Vertex formats have a fixed component order. The following component formats are supported:

Color:
- 16-bit: RGB565, RGBA5551, RGBA4444
- 32-bit: RGBA8888 (32-bit)
Normals: 8-bit signed, 16-bit signed, 32-bit float
Positions: 8-bit signed, 16-bit signed, 32-bit float
Bone weights: 8-bit unsigned, 16-bit unsigned, 32-bit float
Texture coordinates: 8-bit unsigned, 16-bit unsigned, 32-bit float

Due to the limited range of 8-bit and 16-bit texture coordinate formats, you can specify an additional offset and scale as floating point numbers to stretch them to the range you need.

Note that the unsigned fixed point formats have the same scale factor as the signed ones. This means that an 8-bit texture coordinate is divided by 128.0, not 256.0, before being fed into the scale/offset, and thus can represent numbers from 0.0 to 2.0.

In through mode, positions behave a bit differently (and normals and bone weights are of course not used). They then specify integer pixel screen coordinates.

Framebuffers and memory

The PSP GPU can draw to four different color framebuffer formats: RGBA5551, RGBA565, RGBA4444, RGBA8888. It only supports a single depth buffer format, 16-bit, although it's laid out differently in memory depending on whether the color format is 16-bit or 32-bit. This matters when games try to read from it. More information in the page about image formats.

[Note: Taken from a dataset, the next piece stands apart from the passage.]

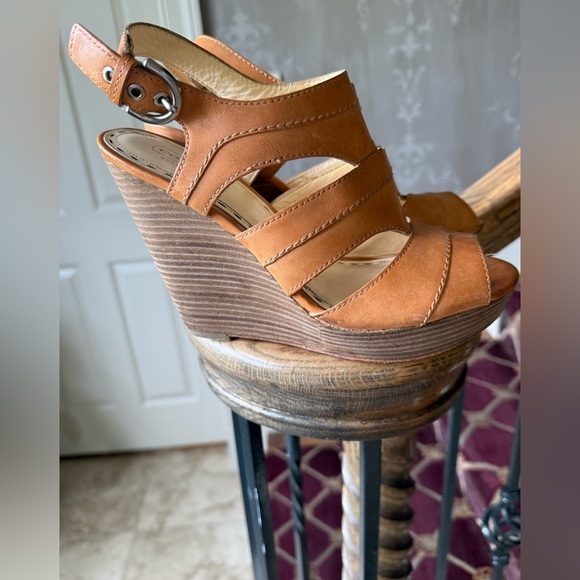 Coach Jazlyn Vachetta Wedge Tan Size 9 B. Very good condition. - Picture 6 of 15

A game has full control over video memory, and can alias/cast the various image formats on top of each other - so you can render to a 16-bit "RGB565" target for example, and texture from it as if it were a paletted texture, even though it isn't. As we will see, this allows for some really cool tricks, like Burnout's lens flare.

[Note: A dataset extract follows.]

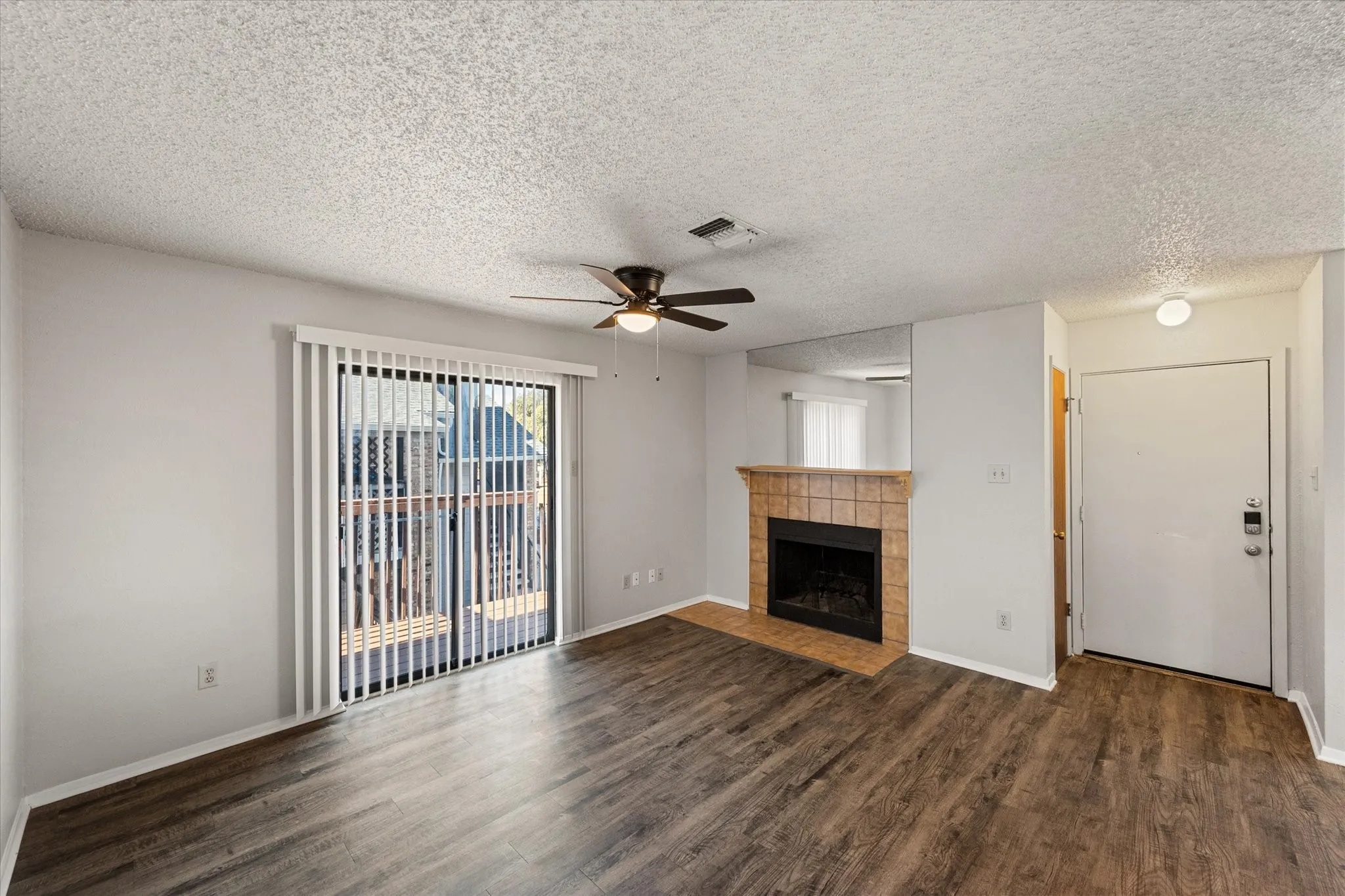 Quadruplex For Rent in Tarrant County , 406 E Denton Drive 36, Euless, Texas 76039, 2 Bedroom, 1 Bathroom, Garage spaces, 1,014 Sqft, built in 1982, mls#21388246, Real Estate Agent in Euless, Homes For Rent in Tarrant county, Homes For Rent in Euless, Realtor in Euless Texas, Real Estate Brokerage Independent Realty Texas, Luminita Cordes Realtor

The GPU can only draw into VRAM, but it can read textures from regular RAM in addition to VRAM, at a slightly reduced rate. This means that games don't really need to stream textures to VRAM like on the PS2.

Memory performance has a few quirks. For example, it's profitable to draw 2D images in 64- or 32- pixel wide vertical strips, depending on color depth and texture format. This is why screen clears are usually performed as a series of vertical strips.

Primitives

The PSP supports the usual set of primitives: LINE, LINE_STRIP, TRIANGLE_LIST, TRIANGLE_STRIP, TRIANGLE_FAN. In addition, a screen-space RECTANGLE primitive type is suppported, which like lines are specified by just two points. The result is a filled screen-space rectangle, with UVs rotated according to the relative positions of the two points.

Curve rendering

It's got a bezier/spline curve drawing unit! It can draw rectangular bezier patches and b-spline patches with knots, with some limitations. It's underused by games, mainly used by games with large landscape things like some snowboarding games, Test Drive, Pursuit Force and a few others. There are also some early games that use it for drawing simple 2D rectangles, for no good reason, like Puzzle Bobble. Additionally, Loco Roco uses it.

Clipping

The PSP does not have a full clipper unit. It does have a near plane clipper (that behaves a bit strangely) but the other sides of the view frustum need to be handled by software.

Since the clipper only has one plane, it relies on guardbands for clipping on the sides. Unfortunately this guardband is not infinite - triangles that reach outside a virtual 4096x4096 viewport are discarded. And some games rely on that, so it must be emulated (notoriously, the TOCA racing games have horrible artifacts if you don't).

Raw display list access

Games write display lists directly into RAM, generally using a SDK-provided library but many games bypass it entirely and even load raw display lists directly from disk.

Display list commands are all 32 bits in size, out of which the upper 8 bits is a command number, and the remaining 24 bits represent data. This means that commands that load floating point values such as matrix coefficients really can only specify 24 bits of payload and not full 32-bit floats for example. This is solved by simply chopping the lower 8 bits off of the mantissa of regular floats - usually, there's still enough precision. All transform matrices and most light parameters (except the ones that are 8-bit) are in this 24-bit float format.